Data records:
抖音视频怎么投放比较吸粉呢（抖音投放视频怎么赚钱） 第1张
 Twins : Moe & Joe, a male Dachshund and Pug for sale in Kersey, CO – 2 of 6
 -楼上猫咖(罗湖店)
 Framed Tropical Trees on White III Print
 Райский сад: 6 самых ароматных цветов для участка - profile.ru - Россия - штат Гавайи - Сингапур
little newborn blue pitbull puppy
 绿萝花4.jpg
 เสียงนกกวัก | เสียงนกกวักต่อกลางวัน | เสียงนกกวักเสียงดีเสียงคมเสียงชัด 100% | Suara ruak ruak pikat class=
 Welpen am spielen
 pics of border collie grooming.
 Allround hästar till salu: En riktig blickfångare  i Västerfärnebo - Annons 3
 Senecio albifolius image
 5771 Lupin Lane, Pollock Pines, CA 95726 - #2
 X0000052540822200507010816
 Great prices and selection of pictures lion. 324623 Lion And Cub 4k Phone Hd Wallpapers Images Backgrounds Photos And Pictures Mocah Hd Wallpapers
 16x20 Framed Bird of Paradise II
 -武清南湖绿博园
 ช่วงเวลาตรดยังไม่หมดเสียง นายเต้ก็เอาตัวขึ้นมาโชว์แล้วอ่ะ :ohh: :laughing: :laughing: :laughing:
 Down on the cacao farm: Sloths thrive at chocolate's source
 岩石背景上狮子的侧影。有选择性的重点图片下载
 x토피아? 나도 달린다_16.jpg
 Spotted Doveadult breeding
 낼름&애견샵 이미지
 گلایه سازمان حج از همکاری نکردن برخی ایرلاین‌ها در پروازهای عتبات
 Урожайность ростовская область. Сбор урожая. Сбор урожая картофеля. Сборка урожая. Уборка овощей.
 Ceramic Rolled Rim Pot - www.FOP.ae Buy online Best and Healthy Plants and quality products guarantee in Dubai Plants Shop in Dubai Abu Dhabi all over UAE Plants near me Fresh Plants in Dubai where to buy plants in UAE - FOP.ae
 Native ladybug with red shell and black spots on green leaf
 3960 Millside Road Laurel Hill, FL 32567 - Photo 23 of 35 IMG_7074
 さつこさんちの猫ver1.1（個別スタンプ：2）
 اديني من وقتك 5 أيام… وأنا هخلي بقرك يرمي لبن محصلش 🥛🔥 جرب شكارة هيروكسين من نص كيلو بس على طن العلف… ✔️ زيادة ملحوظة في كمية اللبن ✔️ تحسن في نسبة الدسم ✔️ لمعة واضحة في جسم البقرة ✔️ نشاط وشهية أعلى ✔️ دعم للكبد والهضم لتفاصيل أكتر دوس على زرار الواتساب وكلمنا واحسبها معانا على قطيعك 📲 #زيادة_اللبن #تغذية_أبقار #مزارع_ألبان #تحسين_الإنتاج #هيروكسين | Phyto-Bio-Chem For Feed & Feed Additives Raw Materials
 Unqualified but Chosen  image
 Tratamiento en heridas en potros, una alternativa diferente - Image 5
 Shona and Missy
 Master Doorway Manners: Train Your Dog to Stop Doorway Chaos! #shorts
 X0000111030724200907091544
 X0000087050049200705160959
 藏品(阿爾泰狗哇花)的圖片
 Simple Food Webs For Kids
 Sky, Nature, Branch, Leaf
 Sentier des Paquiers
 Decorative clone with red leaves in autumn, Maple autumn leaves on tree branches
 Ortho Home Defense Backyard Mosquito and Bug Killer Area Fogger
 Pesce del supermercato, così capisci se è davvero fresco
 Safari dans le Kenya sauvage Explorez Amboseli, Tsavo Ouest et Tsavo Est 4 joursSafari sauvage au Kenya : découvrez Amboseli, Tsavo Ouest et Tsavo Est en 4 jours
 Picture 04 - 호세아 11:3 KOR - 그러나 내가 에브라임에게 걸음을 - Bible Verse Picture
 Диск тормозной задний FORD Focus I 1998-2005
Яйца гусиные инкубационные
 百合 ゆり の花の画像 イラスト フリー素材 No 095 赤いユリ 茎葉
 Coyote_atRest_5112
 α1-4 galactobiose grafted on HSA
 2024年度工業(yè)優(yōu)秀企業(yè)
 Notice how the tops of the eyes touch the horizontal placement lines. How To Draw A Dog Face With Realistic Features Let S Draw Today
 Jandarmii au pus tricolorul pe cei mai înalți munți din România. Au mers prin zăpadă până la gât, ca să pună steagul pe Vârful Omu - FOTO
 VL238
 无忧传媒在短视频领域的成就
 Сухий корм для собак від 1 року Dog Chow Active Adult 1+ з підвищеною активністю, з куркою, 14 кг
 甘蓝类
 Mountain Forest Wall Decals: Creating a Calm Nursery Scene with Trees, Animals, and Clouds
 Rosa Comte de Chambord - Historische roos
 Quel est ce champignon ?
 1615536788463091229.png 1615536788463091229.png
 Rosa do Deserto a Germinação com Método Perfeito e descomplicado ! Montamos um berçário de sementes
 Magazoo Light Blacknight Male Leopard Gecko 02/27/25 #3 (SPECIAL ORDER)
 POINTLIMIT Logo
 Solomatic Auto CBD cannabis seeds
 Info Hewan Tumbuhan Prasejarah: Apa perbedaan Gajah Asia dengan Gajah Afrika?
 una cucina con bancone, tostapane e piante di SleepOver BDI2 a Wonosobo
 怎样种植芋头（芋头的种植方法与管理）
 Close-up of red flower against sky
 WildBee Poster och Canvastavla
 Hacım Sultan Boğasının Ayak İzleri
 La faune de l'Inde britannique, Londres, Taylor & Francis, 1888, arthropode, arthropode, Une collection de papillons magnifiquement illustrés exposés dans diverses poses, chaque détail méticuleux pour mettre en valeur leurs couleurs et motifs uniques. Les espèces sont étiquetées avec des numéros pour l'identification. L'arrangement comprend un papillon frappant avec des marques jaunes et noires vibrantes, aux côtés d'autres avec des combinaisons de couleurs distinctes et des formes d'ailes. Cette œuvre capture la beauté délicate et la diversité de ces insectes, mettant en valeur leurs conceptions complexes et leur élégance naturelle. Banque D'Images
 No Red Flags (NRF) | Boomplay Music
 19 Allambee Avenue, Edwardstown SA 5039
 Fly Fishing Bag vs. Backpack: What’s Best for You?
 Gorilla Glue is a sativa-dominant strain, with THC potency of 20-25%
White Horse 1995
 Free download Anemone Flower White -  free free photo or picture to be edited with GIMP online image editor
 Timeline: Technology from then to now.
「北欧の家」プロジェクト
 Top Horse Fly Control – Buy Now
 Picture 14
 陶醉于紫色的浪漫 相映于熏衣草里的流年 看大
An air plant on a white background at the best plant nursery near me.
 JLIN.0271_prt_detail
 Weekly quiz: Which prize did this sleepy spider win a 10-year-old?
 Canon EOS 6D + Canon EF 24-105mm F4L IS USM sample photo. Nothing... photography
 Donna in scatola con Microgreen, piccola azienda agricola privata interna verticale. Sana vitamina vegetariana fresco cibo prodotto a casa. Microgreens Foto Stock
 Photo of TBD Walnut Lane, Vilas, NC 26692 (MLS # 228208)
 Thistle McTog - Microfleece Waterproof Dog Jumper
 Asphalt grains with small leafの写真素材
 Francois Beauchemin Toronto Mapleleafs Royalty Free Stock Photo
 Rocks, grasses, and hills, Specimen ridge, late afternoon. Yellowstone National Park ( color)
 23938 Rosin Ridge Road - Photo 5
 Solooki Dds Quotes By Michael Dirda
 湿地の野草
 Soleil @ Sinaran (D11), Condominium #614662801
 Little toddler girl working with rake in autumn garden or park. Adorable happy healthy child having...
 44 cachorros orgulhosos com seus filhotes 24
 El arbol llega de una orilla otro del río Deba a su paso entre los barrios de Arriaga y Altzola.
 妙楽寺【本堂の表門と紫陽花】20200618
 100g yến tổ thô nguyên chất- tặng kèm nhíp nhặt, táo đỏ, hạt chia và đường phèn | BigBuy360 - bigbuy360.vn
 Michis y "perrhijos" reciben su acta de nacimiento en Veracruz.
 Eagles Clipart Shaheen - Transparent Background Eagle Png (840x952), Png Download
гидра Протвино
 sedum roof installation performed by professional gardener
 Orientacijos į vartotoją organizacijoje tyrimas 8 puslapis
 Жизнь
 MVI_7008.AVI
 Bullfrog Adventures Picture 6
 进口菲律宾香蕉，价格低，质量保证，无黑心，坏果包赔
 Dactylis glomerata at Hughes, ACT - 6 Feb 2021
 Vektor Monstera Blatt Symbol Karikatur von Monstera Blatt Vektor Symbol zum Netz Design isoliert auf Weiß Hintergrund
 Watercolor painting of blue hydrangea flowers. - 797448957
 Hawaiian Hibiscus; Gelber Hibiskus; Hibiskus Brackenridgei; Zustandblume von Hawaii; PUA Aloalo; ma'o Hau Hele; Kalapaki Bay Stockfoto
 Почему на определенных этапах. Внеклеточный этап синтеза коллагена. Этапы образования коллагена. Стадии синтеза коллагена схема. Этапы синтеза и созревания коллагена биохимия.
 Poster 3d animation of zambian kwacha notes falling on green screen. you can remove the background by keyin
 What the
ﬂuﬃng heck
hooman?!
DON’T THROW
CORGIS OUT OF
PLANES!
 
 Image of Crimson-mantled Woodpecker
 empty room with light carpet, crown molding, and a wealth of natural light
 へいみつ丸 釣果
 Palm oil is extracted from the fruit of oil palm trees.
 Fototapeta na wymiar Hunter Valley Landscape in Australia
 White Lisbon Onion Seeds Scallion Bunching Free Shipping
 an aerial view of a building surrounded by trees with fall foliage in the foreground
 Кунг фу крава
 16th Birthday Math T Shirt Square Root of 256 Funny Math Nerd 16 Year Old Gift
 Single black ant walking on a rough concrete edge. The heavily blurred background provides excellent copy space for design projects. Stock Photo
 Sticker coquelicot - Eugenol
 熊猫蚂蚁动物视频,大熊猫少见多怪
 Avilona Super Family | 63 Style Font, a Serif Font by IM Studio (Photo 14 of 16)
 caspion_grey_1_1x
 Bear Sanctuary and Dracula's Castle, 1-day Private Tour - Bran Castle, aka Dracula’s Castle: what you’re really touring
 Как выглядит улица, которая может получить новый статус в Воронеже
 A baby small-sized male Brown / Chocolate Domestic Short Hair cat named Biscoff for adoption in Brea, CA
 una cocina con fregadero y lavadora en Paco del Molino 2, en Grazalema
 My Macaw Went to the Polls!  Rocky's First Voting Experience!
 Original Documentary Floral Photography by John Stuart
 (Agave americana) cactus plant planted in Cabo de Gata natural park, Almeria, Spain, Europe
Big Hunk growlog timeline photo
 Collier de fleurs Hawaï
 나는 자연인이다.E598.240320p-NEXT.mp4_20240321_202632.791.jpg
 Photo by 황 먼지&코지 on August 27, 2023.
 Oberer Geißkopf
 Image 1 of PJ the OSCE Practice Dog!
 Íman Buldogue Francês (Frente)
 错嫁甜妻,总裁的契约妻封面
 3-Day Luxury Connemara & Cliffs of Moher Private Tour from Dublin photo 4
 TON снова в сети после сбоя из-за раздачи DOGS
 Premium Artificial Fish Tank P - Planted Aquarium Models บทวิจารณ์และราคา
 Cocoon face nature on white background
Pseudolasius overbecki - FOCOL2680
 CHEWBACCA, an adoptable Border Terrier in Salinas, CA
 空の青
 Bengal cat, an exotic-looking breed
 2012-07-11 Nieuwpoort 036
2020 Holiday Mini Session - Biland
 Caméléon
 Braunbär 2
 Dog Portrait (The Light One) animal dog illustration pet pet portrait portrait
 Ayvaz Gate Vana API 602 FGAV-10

*Description of the task*
The line above containing "Collier de fleurs Hawaï", the line containing "Pseudolasius overbecki - FOCOL2680", and every line between them are to be transcribed exactly; no other line is wanted.

*Answer to this problem*
 Collier de fleurs Hawaï
 나는 자연인이다.E598.240320p-NEXT.mp4_20240321_202632.791.jpg
 Photo by 황 먼지&코지 on August 27, 2023.
 Oberer Geißkopf
 Image 1 of PJ the OSCE Practice Dog!
 Íman Buldogue Francês (Frente)
 错嫁甜妻,总裁的契约妻封面
 3-Day Luxury Connemara & Cliffs of Moher Private Tour from Dublin photo 4
 TON снова в сети после сбоя из-за раздачи DOGS
 Premium Artificial Fish Tank P - Planted Aquarium Models บทวิจารณ์และราคา
 Cocoon face nature on white background
Pseudolasius overbecki - FOCOL2680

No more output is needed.